A MAN and a teenager have been jailed for their involvement in a huge cannabis factory which was found on a Carlisle industrial estate.
The city’s crown court heard how the owner of a commercial unit in the Durranhill area went with an electrician to make checks on July 6 after being alerted to power supply problems. He found a marquee had been erected within the unit comprising 10 separate rooms. Three contained a total of 1,172 cannabis plants in various stages of maturity while other rooms were supplied by ventilation and lighting which suggested the crop would not be a one-off.
“Police found a sophisticated and large cannabis production unit together with a living area including a kitchen, bathroom and sleeping facilities,” said prosecutor Arthur Gibson. “It is estimated the potential yield would be in the region of 22kg with an estimated street value of £220,000.”

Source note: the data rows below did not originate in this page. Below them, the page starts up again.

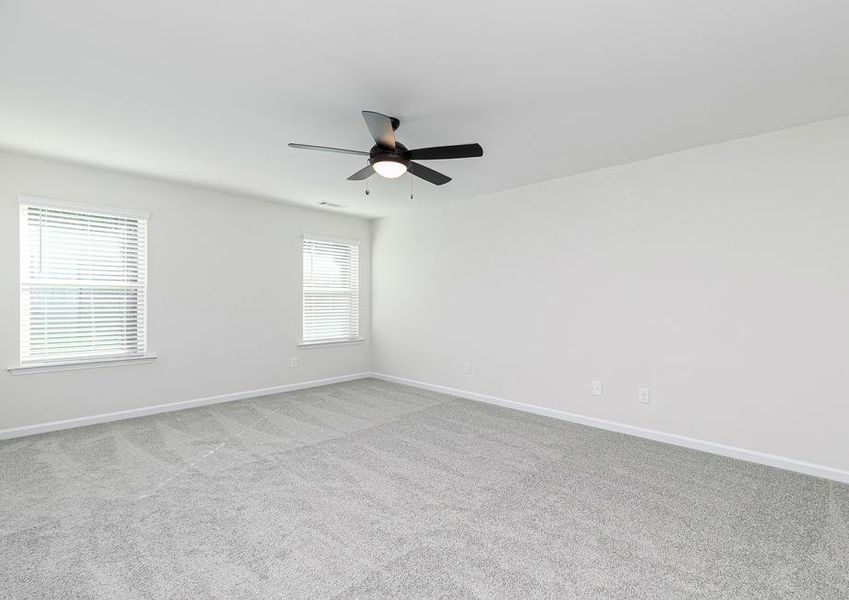 Rest and relaxation await in this beautifully lit master bedroom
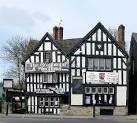 huge banners about television and breakfasts across this listed building - via Daymix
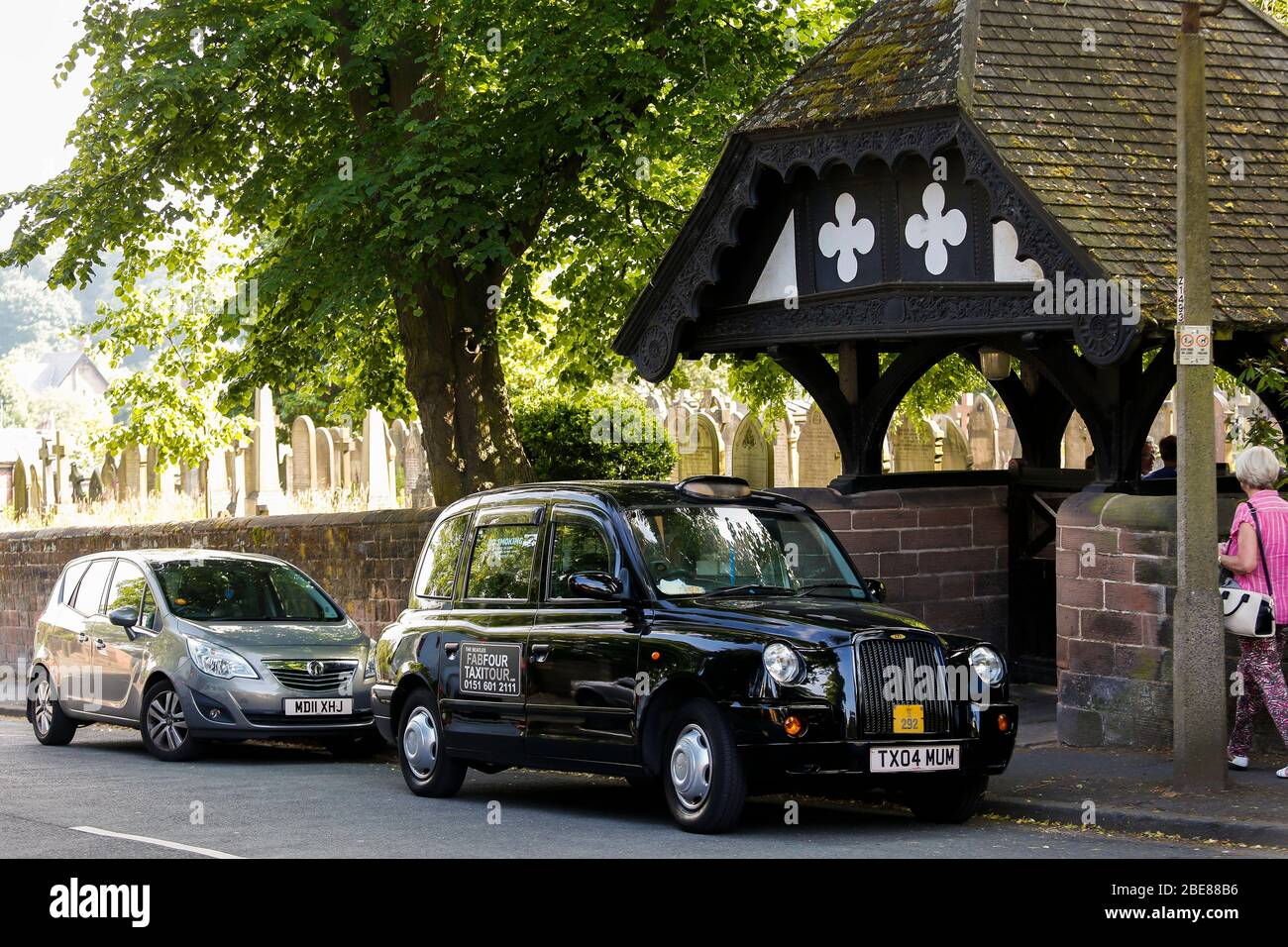 Black Taxi Tour parked in front of St Peters Church in Woolton Village Liverpool, where John Lennon and Paul McCartney first played together Stock Photo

After the unit owner visited the nearby police station to raise the alarm, officers responded. On their way they saw 19-year-old Hung Ba Nguyen – who had been earlier seen at the unit – and he was arrested after trying to flee.

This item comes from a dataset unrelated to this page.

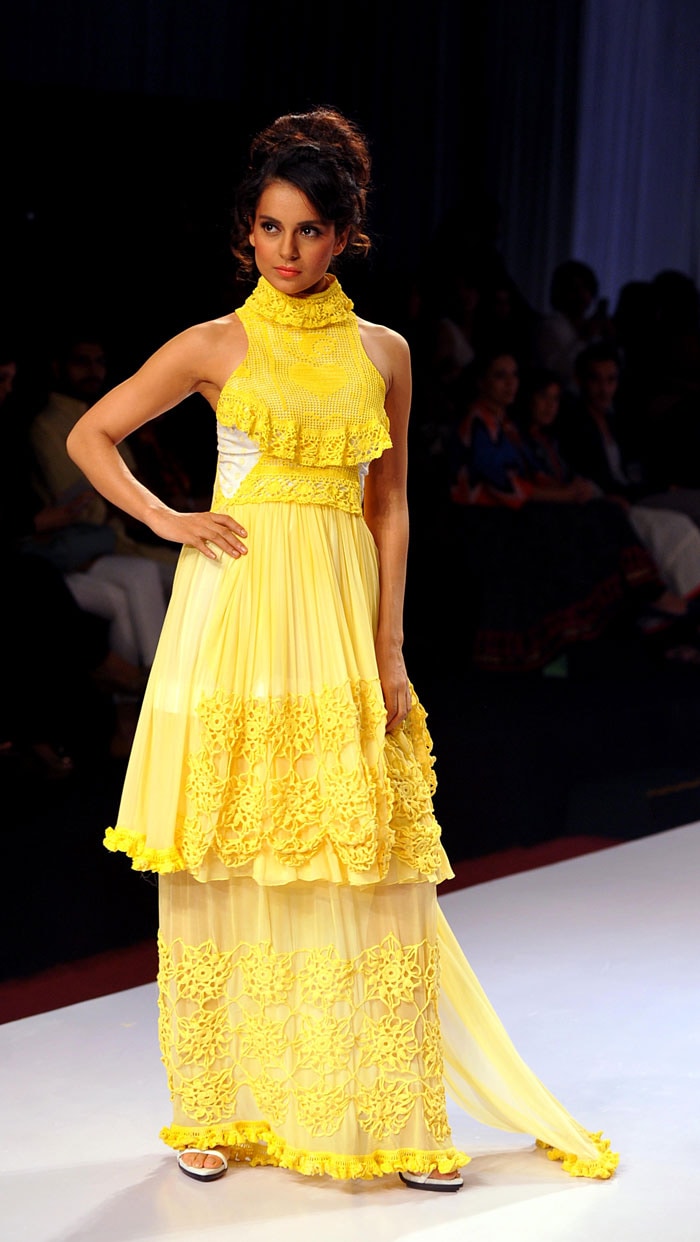 Bollywood actress Kangana Ranaut walked the ramp for designer Bora Aksu at the International Fashion Week End in Mumbai on Sunday, November 17.<br><br>

The actress, who was last seen in <i>Krrish 3</i> and <i>Rajjo</i>, looked pretty in a yellow outfit.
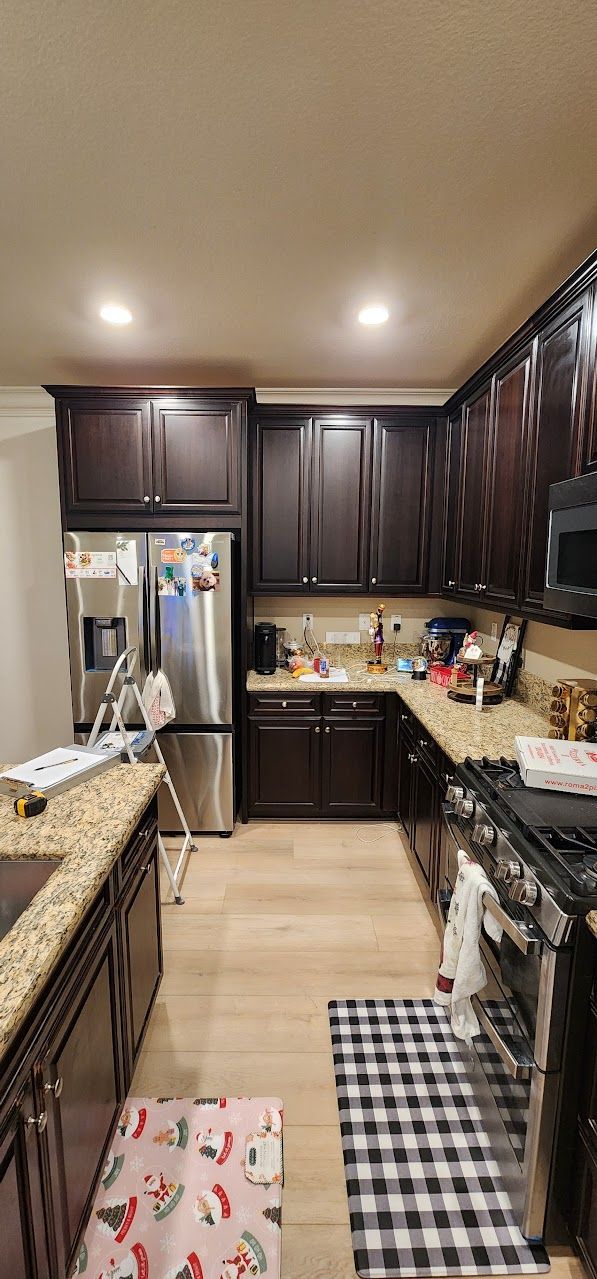 A kitchen with stainless steel appliances , wooden cabinets , granite counter tops and a checkered rug.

It emerged Nguyen had been put to work as a cannabis gardener for an increased wage after initially travelling to Carlisle on the promise of construction work.
A second man, Kashif Suleman, 43, was detained in London four days later with two phones and £8,000 cash. In debt to others, he had rented the unit through a local letting agency, paying three months’ rent of £12,000 up front for it from his business account having invented a cover story. His phone also contained web searches for news reports of Carlisle cannabis farm discoveries and researching how to grow the drug.

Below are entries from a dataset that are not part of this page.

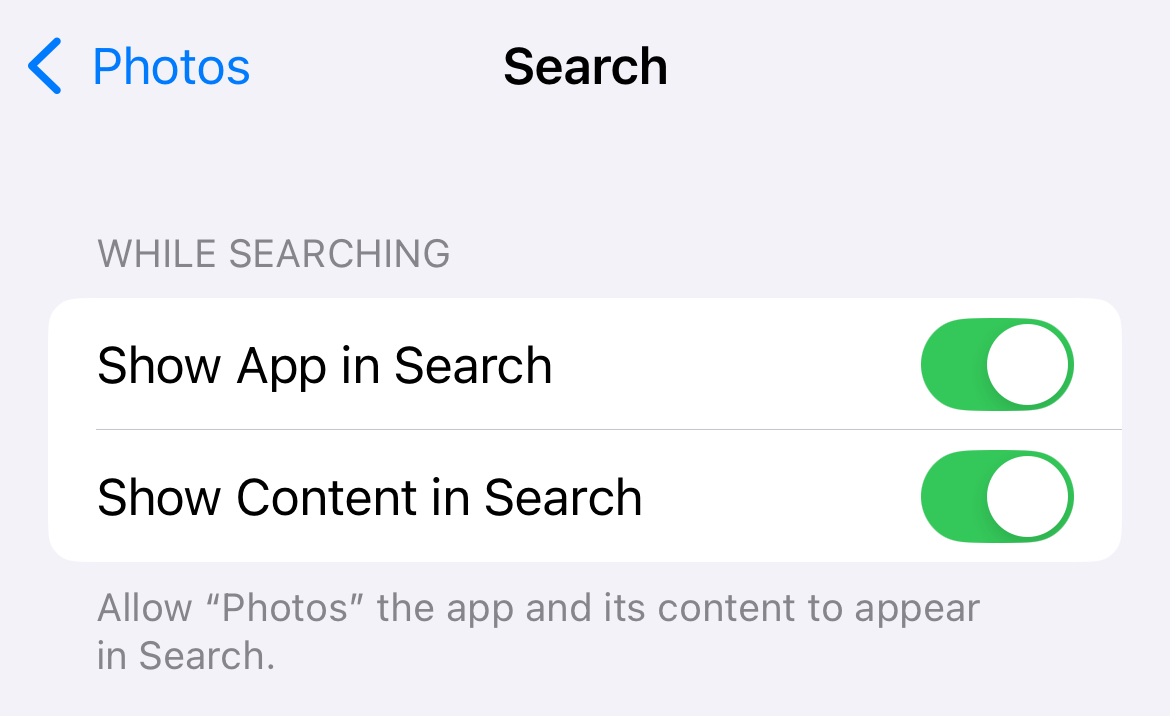 Options for hiding the Photos app and its contents from Spotlight search.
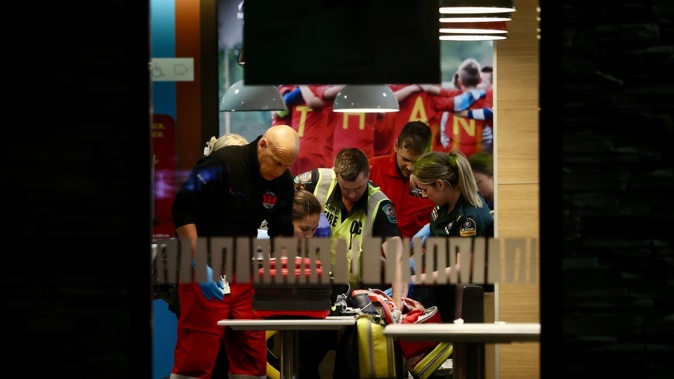 Emergency personnel treat a badly injured taxi driver at a McDonald's restaurant in Christchurch where he reportedly sought help after a stabbing incident elsewhere. Photo / George Heard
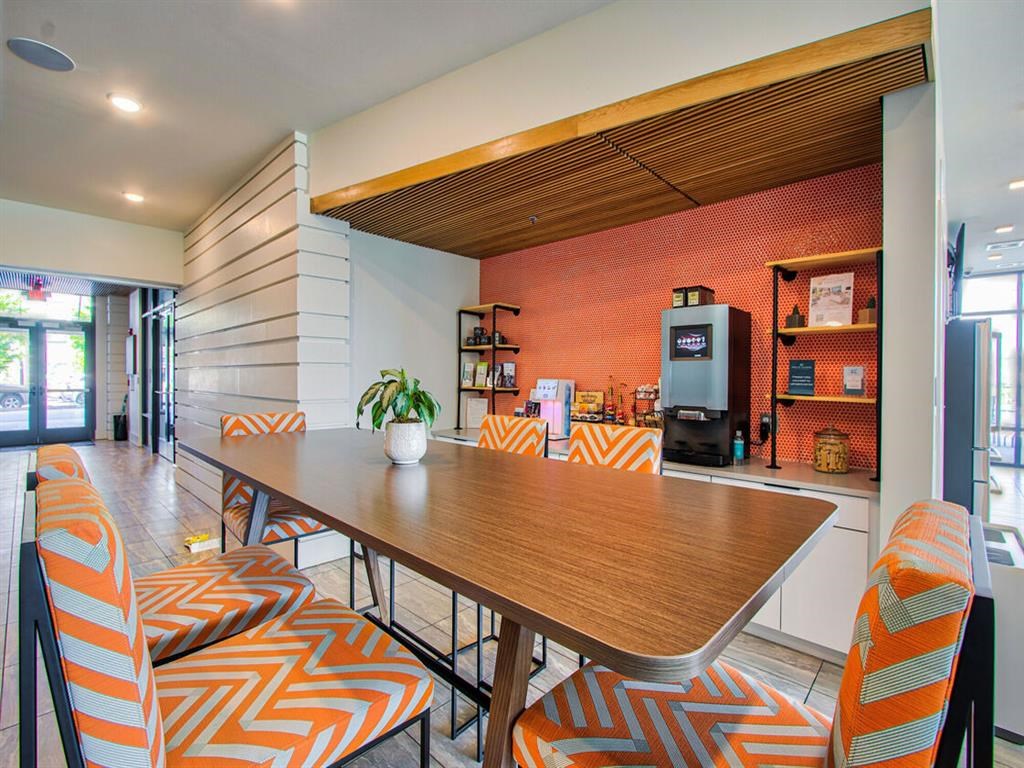 a dining room with orange and white chairs and a table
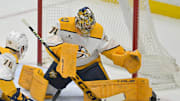 Jan 25, 2025; Anaheim, California, USA; Nashville Predators goaltender Juuse Saros (74) makes a save in the first period against the Anaheim Ducks at Honda Center. Mandatory Credit: Jayne Kamin-Oncea-Imagn Images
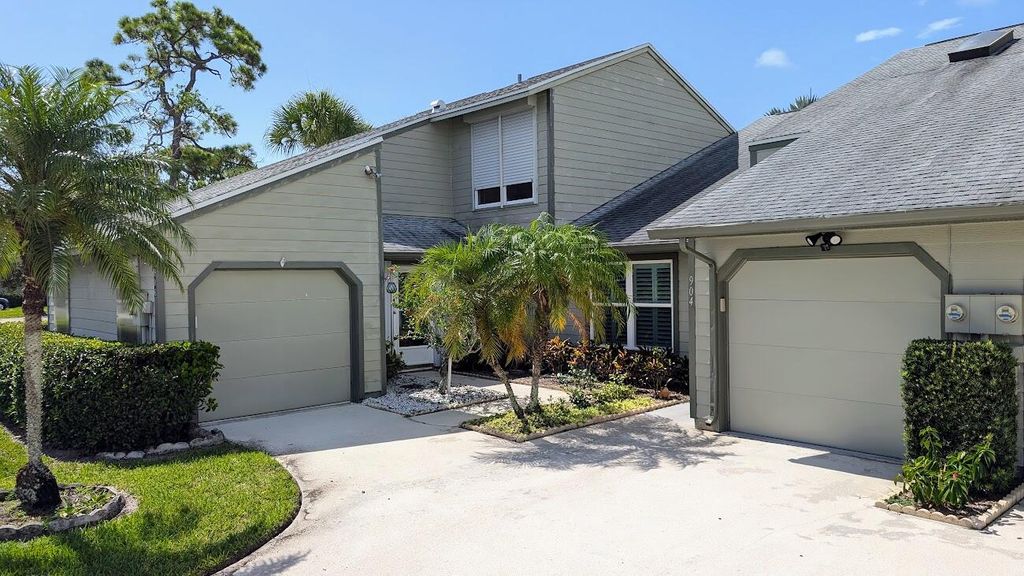 Photo of 906 NE Sandalwood Place, Jensen Beach, FL 34957 (MLS # R10984493)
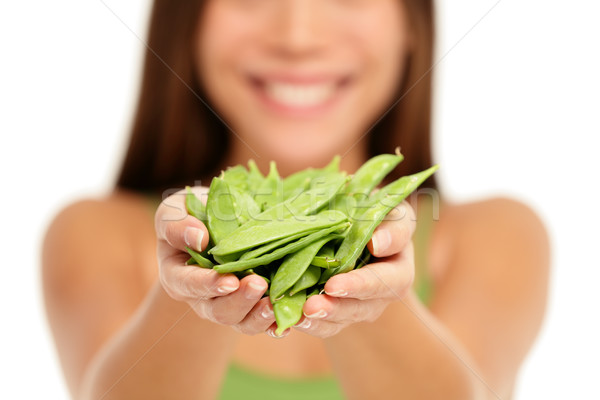Woman holding fresh green snow peas in hands Stock photo © Maridav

Suleman, of Lewin Road, London, and Nguyen – a Vietnamese national living in the UK illegally – both admitted conspiracy to produce cannabis. They were jailed today (MON) for 40 months and 12 months, respectively.
Recorder Katherine Pierpoint said: “This was a drug operation capable of producing significant quantities of cannabis for commercial use.”
The judge added: “Conspiracies only work if people are willing to rent units or water plants. Everybody plays a part in that serious criminal behaviour.”
Today’s sentencing comes just a month after two Albanian nationals were jailed for their illegal involvement in a three-storey £500,000 cannabis farm operation which had been set up in a former Whitehaven town centre post office.